Son corps était accueilli, à 40 ans révolu, chez ses parents. Mais il craint que son nom ne soit rayé des listes. Et de partout parviennent les échos de la fragilité de cette inscription : il ne sait pas où il habite. Faute d’avoir « nul discours de quoi faire semblant, c’est-à-dire lien social » (Lacan), son corps anonyme traversé d’une jouissance amplifiée par l’alcool fait donc symptôme pour le corps social. Nous l’inscrivons dans notre institution mais nous mettons en quelque sorte son corps en Interruption de Séjour d’entrée de jeu. Dans cette passe d’armes inaugurale de la prise en charge, chacun joue son rôle, un rôle sérieux qui touche au réel. Nulle chance de déloger, si peu que ce soit, le sujet de sa place de déchet pour l’Autre sans un acte de coupure. Ici la coupure associe, à une inscription de son nom dans l’institution, un refus de son corps jouissant sans limite.
On est d’accord, de principe, après l’avoir revu, pour le réadmettre : il vient d’arriver, il a fait un faux-pas qui ne remet pas foncièrement en cause la possibilité de l’aider. Mais ses parents partent en congés et lui annoncent qu’ils ne lui permettront pas de rester dans leur appartement en son absence. Pour lui éviter la rue, à sa demande, on le réintègre donc dans son appartement en urgence sans que l’éducatrice ait pu faire connaissance avec lui. C’est la veille du week end suivant. Et c’est un week-end de trois jours.
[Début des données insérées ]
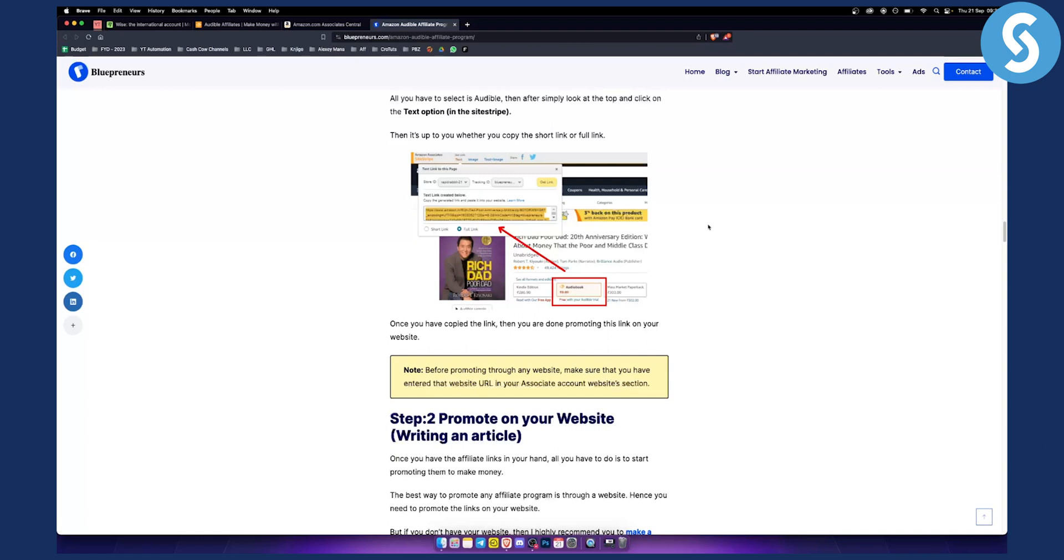So this is basically how you can find affiliate links for your Audible books, audiobooks primarily. If you have any questions or comments, comment down below and we'll see you in the next video.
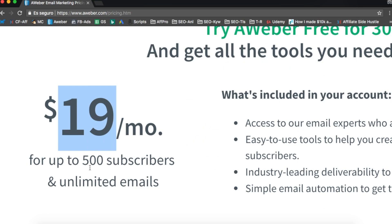Beside the pricing, Aweber is one of the only ones that allows you to send affiliate links in your emails. For example, even though it's way easier to use MailChimp, if you include an affiliate link in one of your emails, MailChimp will close your account right away - even if you don't send any email, only by the fact of adding an affiliate link they will close your account. With Aweber you can send as many affiliate links as you want.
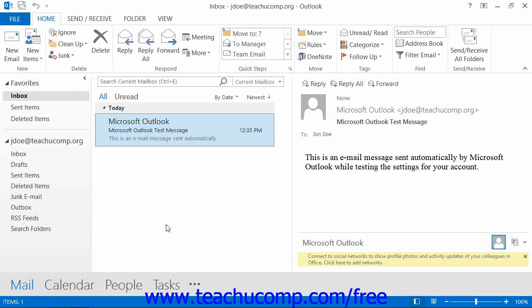In Outlook, you can navigate to the folders in your account and display their contents using the navigation bar. The navigation bar in Outlook 2013 was previously called the navigation pane in older versions of Outlook.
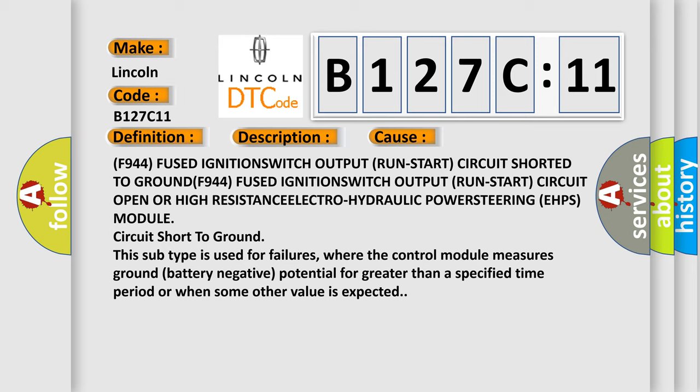This subtype is used for failures where the control module measures ground battery negative potential for greater than a specified time period or when some other value is expected.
Le jour de la reprise, l’immeuble est à-nouveau en émoi et le CSAPA reçoit plusieurs appels des voisins alertés par le comportement du résident : alcoolisé, durant la nuit,il a sonné à nouveau à la porte de plusieurs appartements de la cage d’escalier. Il n’aurait pas occupé son appartement de tout le week-end, n’y arrivant finalement, comme on a vu – c’est-à-dire plutôt la cage d’escalier – que la veille de la reprise. Quelle ironie à l’égard des professionnels qui, par souci d’humanité, ont fait diligence pour lui assurer un toit et une prise en charge ! Et quelle leçon sur les équivoques du bien !
Lisons cet extrait de la Recommandation de l’ANESM sur la bientraitance :
« Il est préconisé qu’un juste équilibre soit donc réfléchi par les professionnels et l’usager en tenant compte tout aussi bien des risques d’institutionnalisation des personnes accueillies trop longtemps, que des risques de rechute ou de précarisation très rapide des usagers dont l’accompagnement a été trop tôt interrompu. Il est préconisé également que toutes les formes de dispositifs transitoires et intermédiaires entre l’institutionnalisation complète et la sortie définitive soient étudiées et mises à profit pour accroître les chances de l’usager de retrouver une situation satisfaisante et pérenne pour lui après sa sortie de la structure. » Recommandation ANESM, p. 23.
« Un juste équilibre », préconise l’ANESM ? Eviter la précarisation ici, ç’aurait été, pour l’institution, risquer de perdre son crédit et sa capacité d’accueil : risque pris pour l’institution et pour ce résident en particulier. Il a fallu trancher. C’est un acte, professionnel, et comme tel, non évaluable.